Your answer must be an exact copy of the entries below, with no pictures in it.

| Dataset records |
-- Opening Marker --

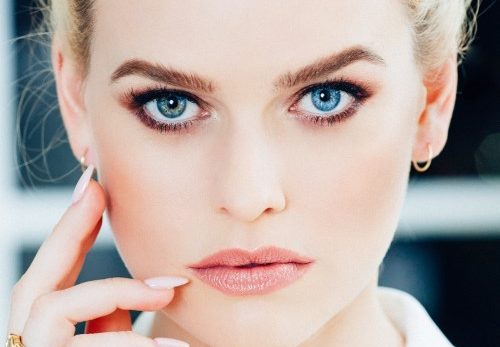 Alice Eve  nude photo
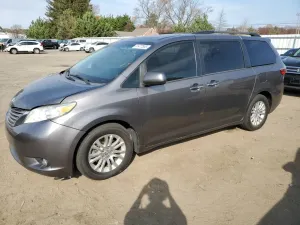 Toyota Sienna XLE 3.5L 6 2017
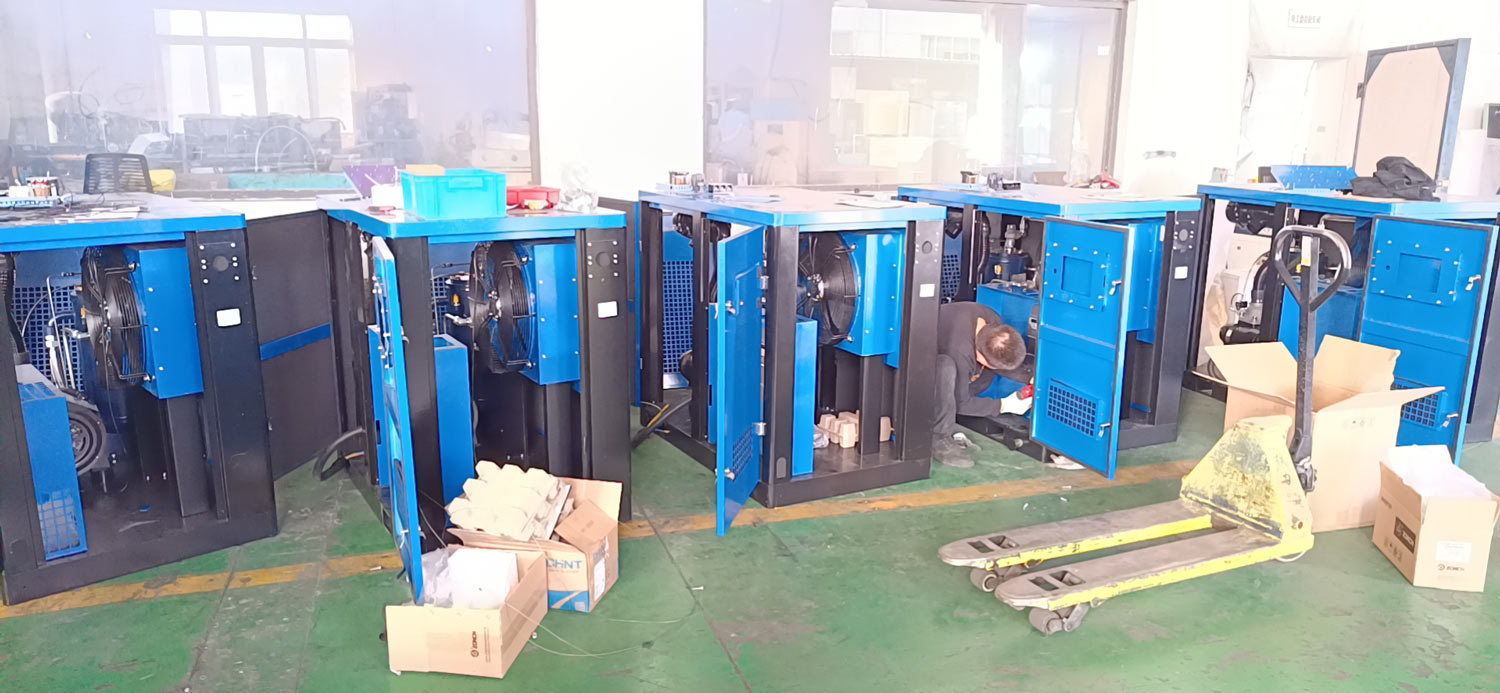 10 sets fixed speed screw air compressors are ready for shipment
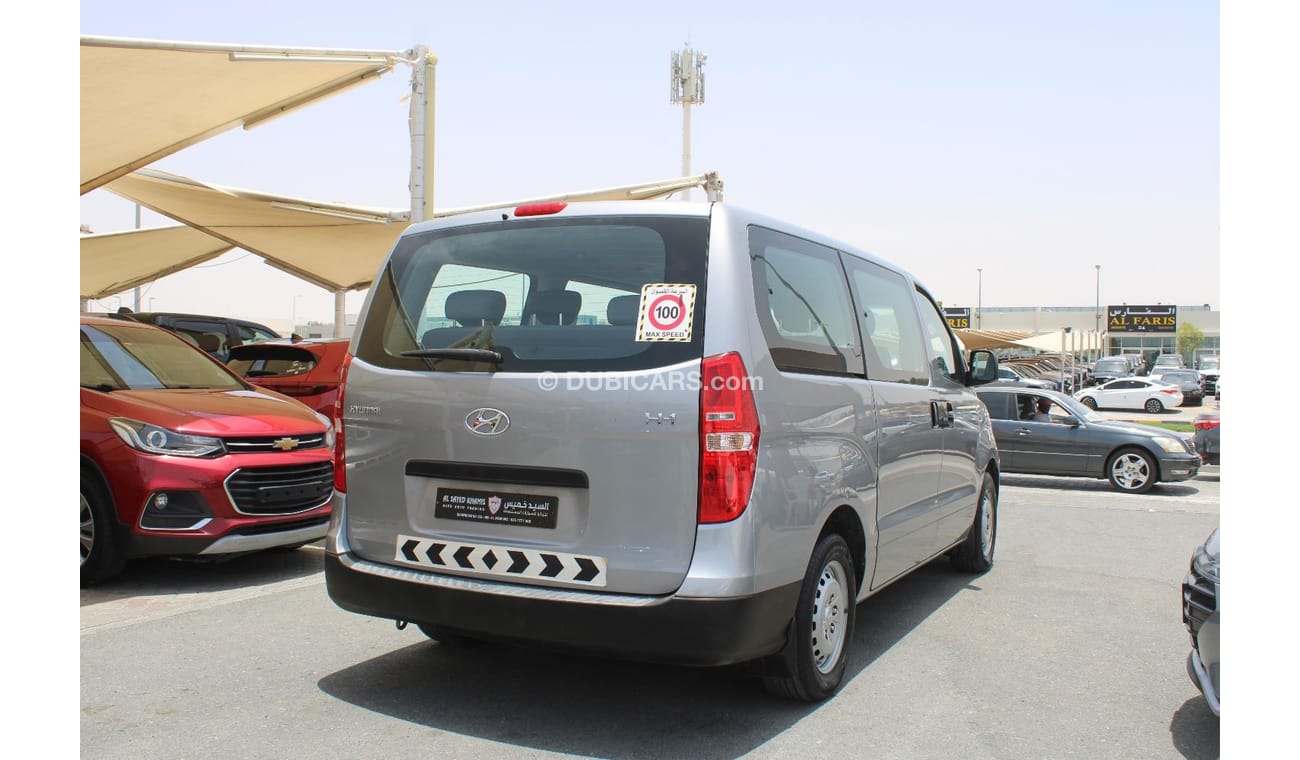 Hyundai H-1 Base GCC - ACCIDENTS FREE - 12 SEATER - AUTOMATIC GEAR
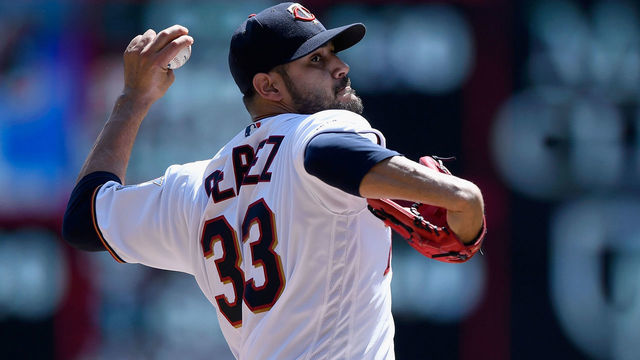 MINNEAPOLIS, MN - AUGUST 07: Martin Perez #33 of the Minnesota Twins delivers a pitch against the Atlanta Braves during the first inning of the interleague game on August 7, 2019 at Target Field in Minneapolis, Minnesota.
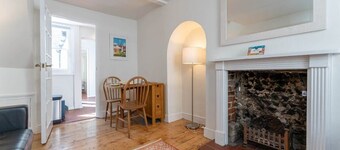 Host & Stay | The Navy at Frederick Gardens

-- Closing Marker --

| Written answer |
 Alice Eve  nude photo
 Toyota Sienna XLE 3.5L 6 2017
 10 sets fixed speed screw air compressors are ready for shipment
 Hyundai H-1 Base GCC - ACCIDENTS FREE - 12 SEATER - AUTOMATIC GEAR
 MINNEAPOLIS, MN - AUGUST 07: Martin Perez #33 of the Minnesota Twins delivers a pitch against the Atlanta Braves during the first inning of the interleague game on August 7, 2019 at Target Field in Minneapolis, Minnesota.
 Host & Stay | The Navy at Frederick Gardens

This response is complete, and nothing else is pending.